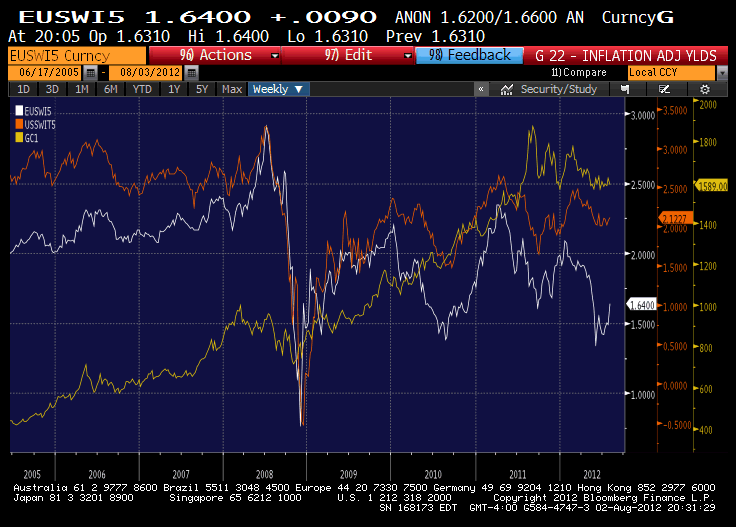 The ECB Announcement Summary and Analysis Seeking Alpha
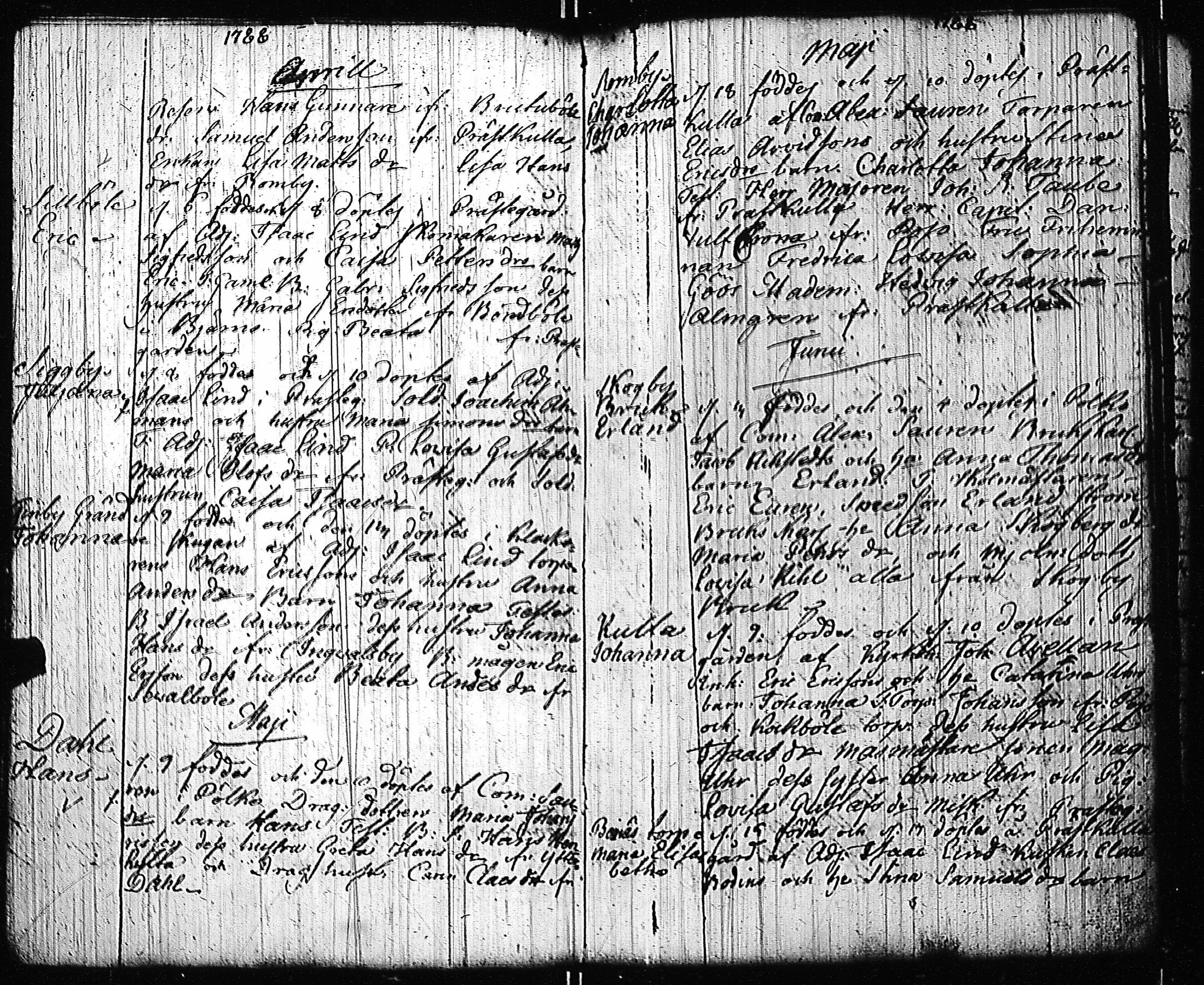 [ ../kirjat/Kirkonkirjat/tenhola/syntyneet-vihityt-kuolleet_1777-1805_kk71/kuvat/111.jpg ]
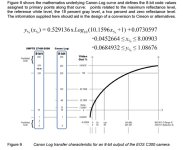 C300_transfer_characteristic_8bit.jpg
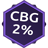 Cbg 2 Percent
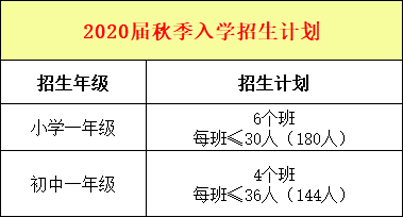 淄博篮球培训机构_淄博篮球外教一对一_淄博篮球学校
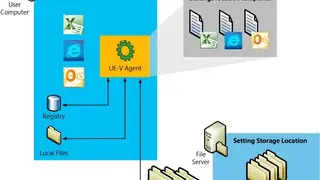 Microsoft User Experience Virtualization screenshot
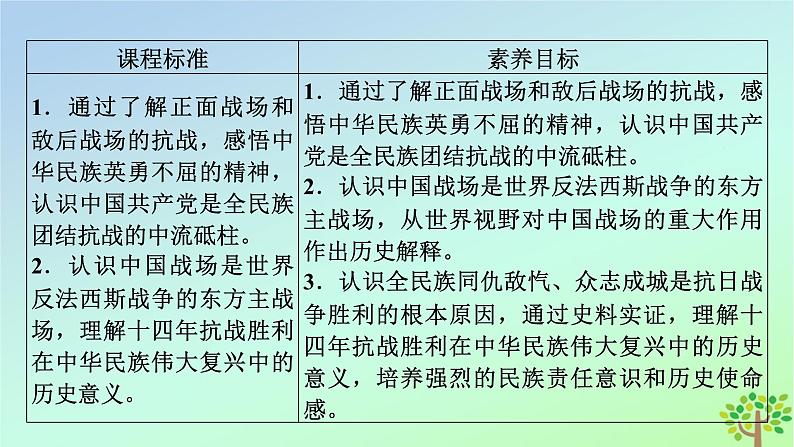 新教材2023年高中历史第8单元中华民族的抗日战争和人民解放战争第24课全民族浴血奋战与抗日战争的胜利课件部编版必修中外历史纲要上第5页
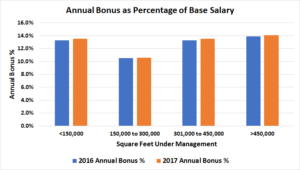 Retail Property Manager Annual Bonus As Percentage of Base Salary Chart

**Instructions to follow**
The required output is the listing above reproduced exactly, pictures removed.

**Exercise answer**
 The ECB Announcement Summary and Analysis Seeking Alpha
 [ ../kirjat/Kirkonkirjat/tenhola/syntyneet-vihityt-kuolleet_1777-1805_kk71/kuvat/111.jpg ]
 C300_transfer_characteristic_8bit.jpg
 Cbg 2 Percent
 淄博篮球培训机构_淄博篮球外教一对一_淄博篮球学校
 Microsoft User Experience Virtualization screenshot
 新教材2023年高中历史第8单元中华民族的抗日战争和人民解放战争第24课全民族浴血奋战与抗日战争的胜利课件部编版必修中外历史纲要上第5页
 Retail Property Manager Annual Bonus As Percentage of Base Salary Chart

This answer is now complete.